On 8 November 2021, Lady Louise Windsor will turn 18. The elder child of Prince Edward, the Earl of Wessex, and his wife, Sophie, much of the conversation around her milestone birthday is about her styling.
Louise is known formally as Lady Louise Windsor, as the daughter of an earl would be styled. However, as the grandchild of the sovereign in a male line, she has been entitled since birth to use the “Her Royal Highness” style. In a statement shared shortly after her birth, The Queen, along with the Wessexes, stated that Louise would be styled as an earl’s daughter rather than HRH.
In a 2020 interview with The Times, Louise’s mother said, “We try to bring them up with the understanding they are very likely to have to work for a living. Hence we made the decision not to use HRH titles. They have them and can decide to use them from 18, but I think it’s highly unlikely.”
The 1917 Letters Patent (issued by George V) clearly defines who can and who cannot use the HRH style. It was specifically designed to limit the number of people who can use the royal highness designation. However, it does not address those who are entitled to use the styling but choose not to – there is no clause that precludes someone legally entitled to use the HRH style if they decide to not use it.
Sophie’s statement clearly shows that the option for Louise to use the HRH style is there. The Wessexes are known for being incredibly close to Her Majesty, and it seems unlikely that Sophie would make such a strong statement in a public interview if The Queen disagreed. While royal squabbles and family fights emerge from different branches of the Royal Family, there are rarely any issues raised between The Queen and the Wessexes.
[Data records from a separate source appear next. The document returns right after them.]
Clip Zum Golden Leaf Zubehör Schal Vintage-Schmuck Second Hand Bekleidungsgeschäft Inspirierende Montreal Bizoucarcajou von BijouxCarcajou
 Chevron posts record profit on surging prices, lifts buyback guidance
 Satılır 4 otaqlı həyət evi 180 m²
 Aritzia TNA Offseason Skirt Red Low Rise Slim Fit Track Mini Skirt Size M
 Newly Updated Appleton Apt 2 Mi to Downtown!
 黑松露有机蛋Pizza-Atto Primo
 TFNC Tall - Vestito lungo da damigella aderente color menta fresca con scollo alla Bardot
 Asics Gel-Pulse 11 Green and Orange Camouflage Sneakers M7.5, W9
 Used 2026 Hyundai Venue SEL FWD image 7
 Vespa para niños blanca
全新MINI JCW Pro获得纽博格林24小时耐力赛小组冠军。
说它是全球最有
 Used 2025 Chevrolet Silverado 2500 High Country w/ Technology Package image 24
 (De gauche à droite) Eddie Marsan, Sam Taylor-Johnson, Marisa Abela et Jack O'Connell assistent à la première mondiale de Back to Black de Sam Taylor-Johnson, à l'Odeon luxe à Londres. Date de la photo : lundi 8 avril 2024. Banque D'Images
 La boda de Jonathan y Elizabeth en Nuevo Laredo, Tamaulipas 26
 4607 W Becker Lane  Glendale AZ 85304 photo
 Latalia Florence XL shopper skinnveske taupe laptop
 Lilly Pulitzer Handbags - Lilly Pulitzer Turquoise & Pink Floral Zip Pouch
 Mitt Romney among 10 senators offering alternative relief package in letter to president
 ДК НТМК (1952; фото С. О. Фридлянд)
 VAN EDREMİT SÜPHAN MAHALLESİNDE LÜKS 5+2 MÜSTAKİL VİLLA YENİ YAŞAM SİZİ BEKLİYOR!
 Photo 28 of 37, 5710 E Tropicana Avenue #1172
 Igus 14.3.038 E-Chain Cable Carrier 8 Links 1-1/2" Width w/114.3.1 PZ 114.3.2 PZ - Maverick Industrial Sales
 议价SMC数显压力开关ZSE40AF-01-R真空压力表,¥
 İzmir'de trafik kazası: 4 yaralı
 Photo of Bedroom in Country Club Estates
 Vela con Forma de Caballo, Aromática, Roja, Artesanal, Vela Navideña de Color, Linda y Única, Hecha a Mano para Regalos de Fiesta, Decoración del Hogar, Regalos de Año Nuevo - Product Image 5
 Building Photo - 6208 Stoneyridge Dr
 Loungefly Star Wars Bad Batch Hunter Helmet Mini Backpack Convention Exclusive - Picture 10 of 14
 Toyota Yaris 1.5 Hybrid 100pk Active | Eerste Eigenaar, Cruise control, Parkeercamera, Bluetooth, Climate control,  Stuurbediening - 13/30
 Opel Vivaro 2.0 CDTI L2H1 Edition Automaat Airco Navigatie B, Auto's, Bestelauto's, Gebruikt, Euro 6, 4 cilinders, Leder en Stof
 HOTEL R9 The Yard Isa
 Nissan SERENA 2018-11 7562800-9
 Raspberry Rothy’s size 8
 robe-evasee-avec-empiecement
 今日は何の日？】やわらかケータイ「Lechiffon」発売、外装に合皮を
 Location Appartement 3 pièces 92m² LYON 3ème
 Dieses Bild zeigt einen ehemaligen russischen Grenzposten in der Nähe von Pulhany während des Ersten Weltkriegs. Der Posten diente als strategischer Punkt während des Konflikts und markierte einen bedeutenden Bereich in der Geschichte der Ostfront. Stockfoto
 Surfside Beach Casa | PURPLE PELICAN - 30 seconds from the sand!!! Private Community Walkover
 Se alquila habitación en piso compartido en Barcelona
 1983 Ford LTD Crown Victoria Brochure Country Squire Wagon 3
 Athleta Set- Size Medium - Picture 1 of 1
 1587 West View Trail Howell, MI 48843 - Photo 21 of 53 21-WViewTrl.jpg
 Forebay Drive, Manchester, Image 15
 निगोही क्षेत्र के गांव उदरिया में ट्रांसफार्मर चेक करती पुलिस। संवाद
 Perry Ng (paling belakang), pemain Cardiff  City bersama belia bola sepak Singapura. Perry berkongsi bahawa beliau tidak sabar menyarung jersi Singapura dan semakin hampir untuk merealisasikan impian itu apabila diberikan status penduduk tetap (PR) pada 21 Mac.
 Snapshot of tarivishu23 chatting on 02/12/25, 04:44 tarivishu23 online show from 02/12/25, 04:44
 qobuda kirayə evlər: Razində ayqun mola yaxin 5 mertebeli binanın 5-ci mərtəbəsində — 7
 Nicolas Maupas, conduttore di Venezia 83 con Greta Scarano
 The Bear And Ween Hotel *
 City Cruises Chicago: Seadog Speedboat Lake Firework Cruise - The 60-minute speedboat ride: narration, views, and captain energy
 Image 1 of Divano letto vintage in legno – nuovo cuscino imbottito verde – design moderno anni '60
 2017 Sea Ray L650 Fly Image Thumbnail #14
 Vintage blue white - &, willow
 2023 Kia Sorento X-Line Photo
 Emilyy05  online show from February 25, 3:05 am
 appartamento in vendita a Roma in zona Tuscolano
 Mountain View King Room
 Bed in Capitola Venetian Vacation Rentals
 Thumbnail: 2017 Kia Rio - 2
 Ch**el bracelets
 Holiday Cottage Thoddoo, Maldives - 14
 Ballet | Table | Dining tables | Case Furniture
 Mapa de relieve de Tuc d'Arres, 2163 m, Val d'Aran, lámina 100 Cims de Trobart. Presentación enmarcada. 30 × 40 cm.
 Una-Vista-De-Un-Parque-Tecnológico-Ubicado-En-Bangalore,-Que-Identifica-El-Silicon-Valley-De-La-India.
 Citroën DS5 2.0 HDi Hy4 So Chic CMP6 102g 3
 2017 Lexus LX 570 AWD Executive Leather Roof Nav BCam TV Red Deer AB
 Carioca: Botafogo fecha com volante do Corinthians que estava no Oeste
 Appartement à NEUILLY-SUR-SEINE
And this would be an especially odd time to publicly force an issue (if it exists), when The Queen’s health is in question and she is still mourning the death of her husband.
Louise is royal by birth, whether or not she goes by HRH. If The Queen had issued a new Letters Patent for Louise (and presumably her brother), that would be a separate issue, but she has not. Her HRH style has not formally been removed – a press release on its own does not constitute that.
Heraldica.org has argued: “The sovereign’s will and pleasure is all that matters, and she can change styles and titles as she pleases … How that pleasure is publicised, by letters patent, warrant, press release or verbal declaration, is immaterial.” However, that is also not clearly defined. The Queen has issued Letters Patent multiple times in her reign, most recently in 1996 and 2012 – when she wants to issue them, she does. She is making that distinction herself, and press releases and Letters Patent should not be conflated.
Whether or not she will actually begin to use the HRH title is another looming question. Lady Louise was widely praised for her part in the 2021 BBC interview with the Royal Family on Prince Philip and his legacy. It was this interview, coupled with the declining number of working royals, that has prompted people to seriously ask if she will take on the HRH.
From what we have seen in the interview and heard from her parents, much like The Queen, Louise does seem to be quieter and happier to spend her time in the country. Given this and the fact that the Prince of Wales has a fairly serious plan to slim down the monarchy, it seems unlikely that she will now use the HRH title.